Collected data
== == ==
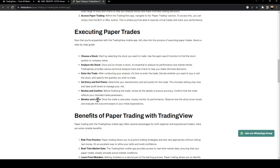And lastly, monitor and learn: once the trade is executed, closely monitor its performance. Observe how the stock price moves and evaluate the outcome based on your initial expectations. So this is it for today's video — thank you guys for watching, see you in the next video.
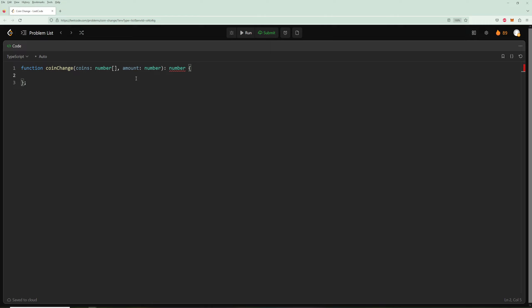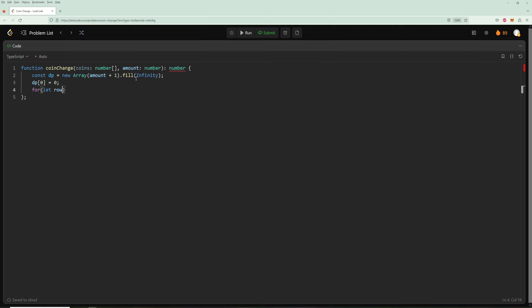Now let's code it up. We create the array: `const dp = new Array(amount + 1).fill(Infinity)`. We set the base case `dp[0] = 0`. Then we loop through every single amount starting at one: `for (let row = 1; row < dp.length; row++)`, and inside that we loop through every coin: `for (let col = 0; col < coins.length; col++)`.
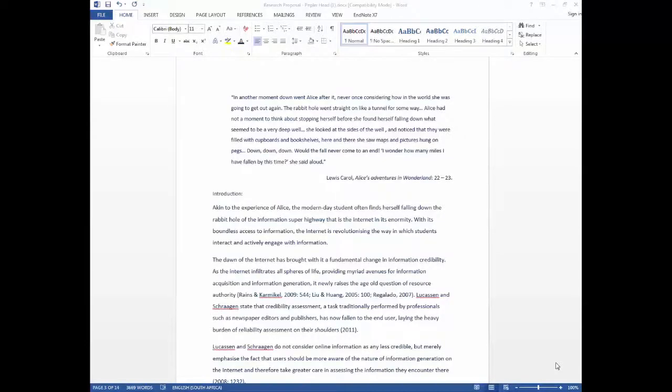Welcome to UCT Libraries YouTube channel. In this video we will show you how to automatically generate your table of contents in Microsoft Word.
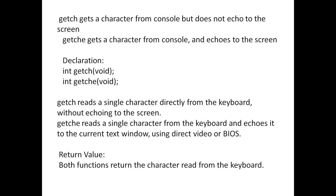It does not display on the screen. Next, get ch e reads a single character from the keyboard and echoes it on the screen.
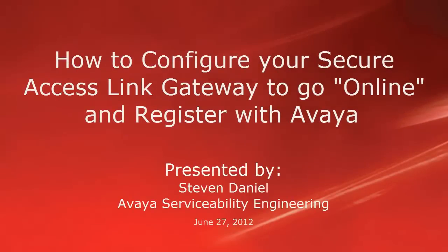Hello, my name is Steven Daniel with the Avaya Serviceability Engineering team. This video is about how you can configure your Secure Access Link Gateway to go online and register with Avaya.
== == ==
-- What the task asks --
Take the records above and transcribe them exactly, dropping every picture.

-- Response to this exercise --
And lastly, monitor and learn: once the trade is executed, closely monitor its performance. Observe how the stock price moves and evaluate the outcome based on your initial expectations. So this is it for today's video — thank you guys for watching, see you in the next video.
Now let's code it up. We create the array: `const dp = new Array(amount + 1).fill(Infinity)`. We set the base case `dp[0] = 0`. Then we loop through every single amount starting at one: `for (let row = 1; row < dp.length; row++)`, and inside that we loop through every coin: `for (let col = 0; col < coins.length; col++)`.
Welcome to UCT Libraries YouTube channel. In this video we will show you how to automatically generate your table of contents in Microsoft Word.
It does not display on the screen. Next, get ch e reads a single character from the keyboard and echoes it on the screen.
Hello, my name is Steven Daniel with the Avaya Serviceability Engineering team. This video is about how you can configure your Secure Access Link Gateway to go online and register with Avaya.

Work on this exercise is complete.